■ EXERCISE ■
Find the line with "OINK! | THAT" in the entries below, then reproduce it and every line after it down to and including the line with "Коты мейн Кун,котята от Еврочемпиона", exactly.

■ INFORMATION GIVEN ■

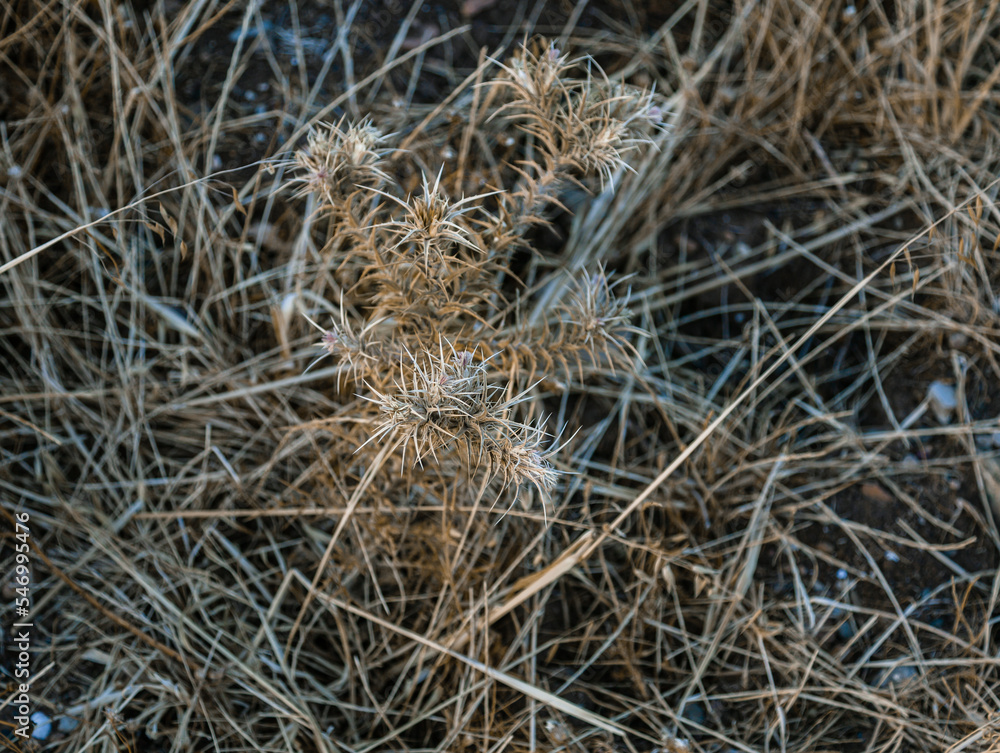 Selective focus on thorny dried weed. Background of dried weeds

...

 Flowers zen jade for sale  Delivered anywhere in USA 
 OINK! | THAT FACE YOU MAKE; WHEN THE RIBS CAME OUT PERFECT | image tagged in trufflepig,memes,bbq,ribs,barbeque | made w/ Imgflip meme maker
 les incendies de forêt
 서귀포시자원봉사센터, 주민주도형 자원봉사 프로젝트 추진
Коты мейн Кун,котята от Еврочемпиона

■ SOLUTION TO THE EXERCISE ■
 OINK! | THAT FACE YOU MAKE; WHEN THE RIBS CAME OUT PERFECT | image tagged in trufflepig,memes,bbq,ribs,barbeque | made w/ Imgflip meme maker
 les incendies de forêt
 서귀포시자원봉사센터, 주민주도형 자원봉사 프로젝트 추진
Коты мейн Кун,котята от Еврочемпиона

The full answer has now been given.